'''

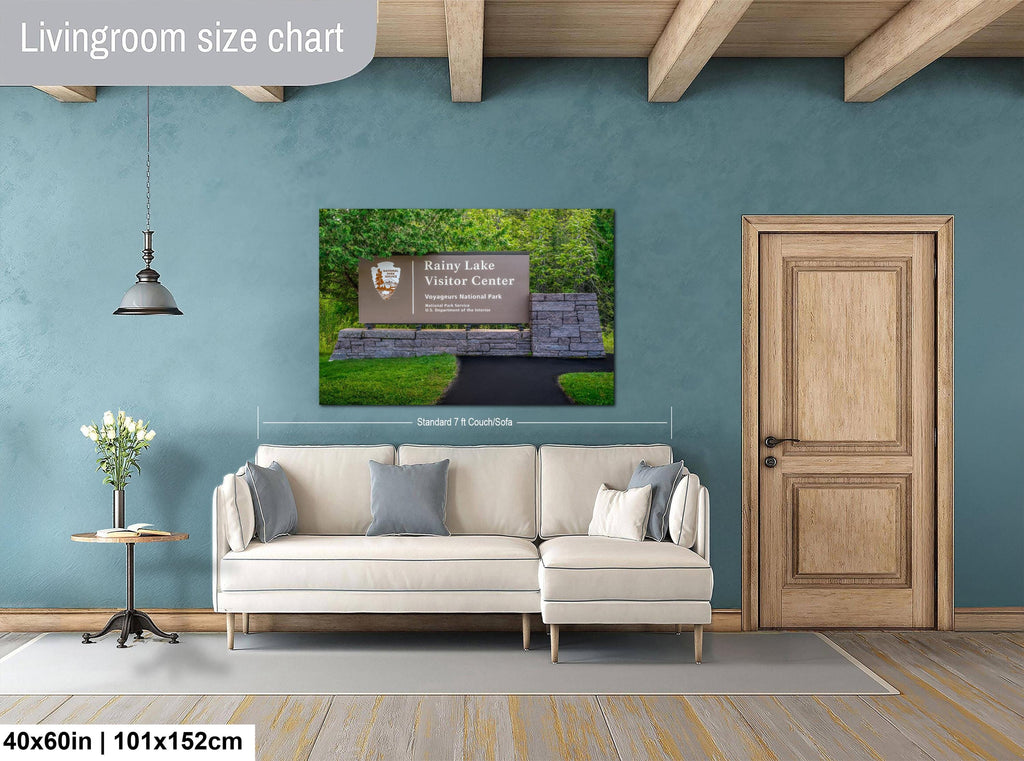 Living room with a wall art displaying rainy lake visitor center sign, beige sofa, and wooden door.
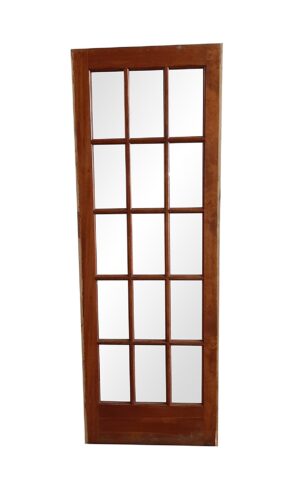 Dark wood tone French door with 15 glass lites and visible wood wear, shown straight on.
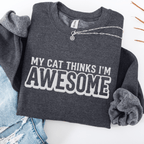 Dark Heather cat embroidered sweatshirt with “My Cat Thinks I’m Awesome” text, folded flat on light denim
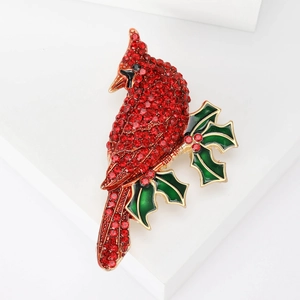 Elegant cardinal bird on holly branch brooch with red crystals and green enamel details
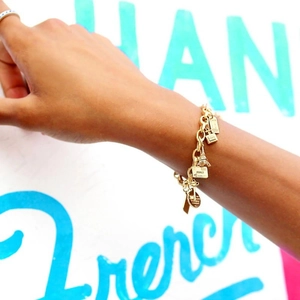 French vintage style gold alloy charm bracelet featuring Eiffel Tower and perfume charms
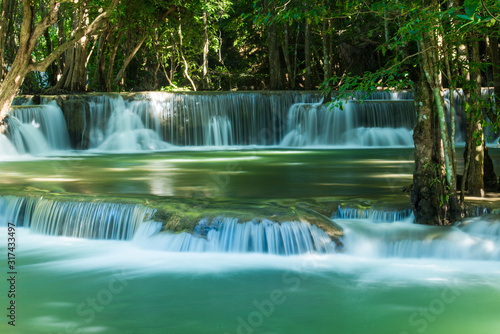 Very nice green waterfall for relaxation, Located Erawan waterfall Karnchanaburi province, Thailand © peangdao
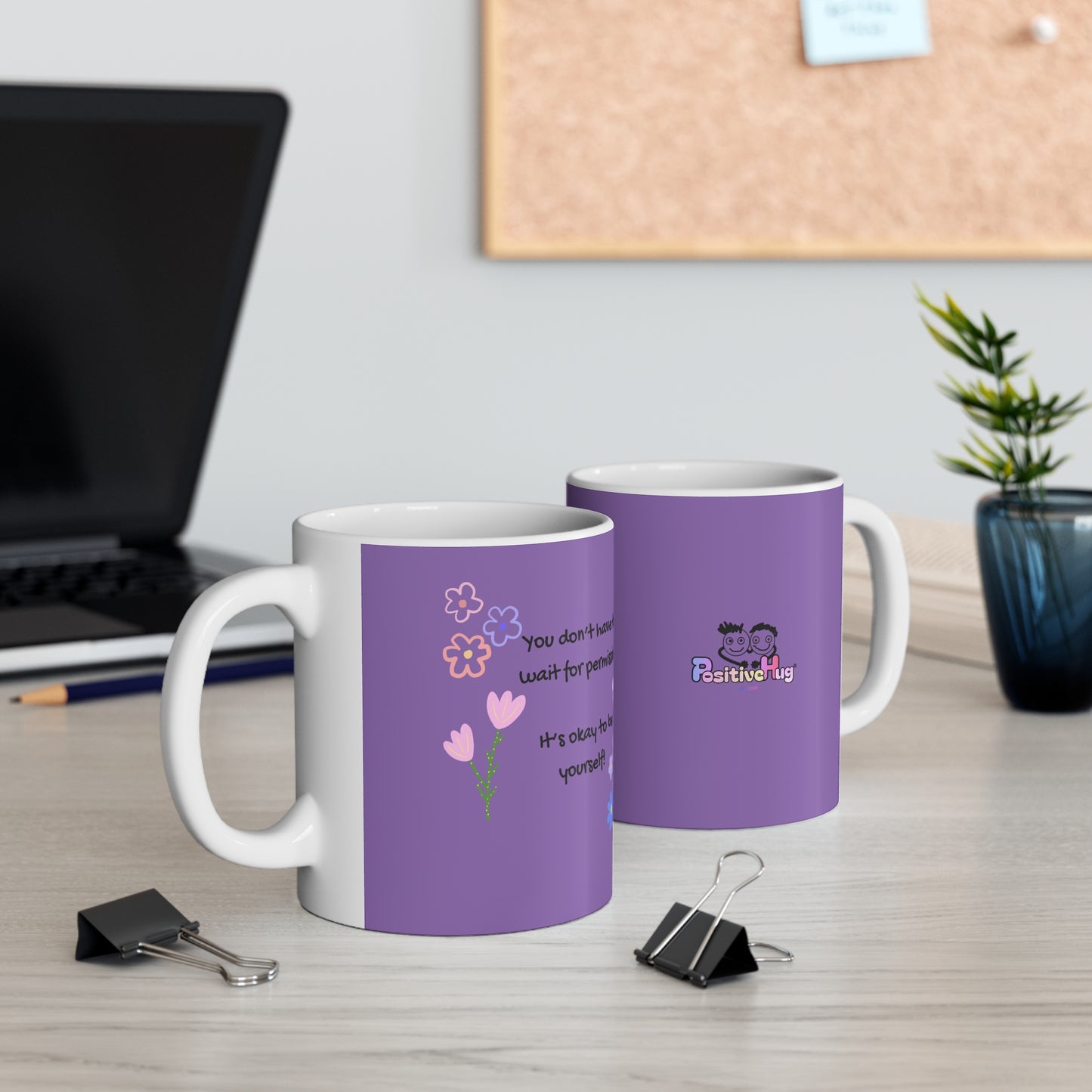 Two purple mugs with white handles on a desk with office supplies.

'''

Directions - Copy exactly what appears from the line holding "Very nice green" to the end of the material, keeping both end lines. Pictures are not part of the copy.

Completed task -
 Very nice green waterfall for relaxation, Located Erawan waterfall Karnchanaburi province, Thailand © peangdao
 Two purple mugs with white handles on a desk with office supplies.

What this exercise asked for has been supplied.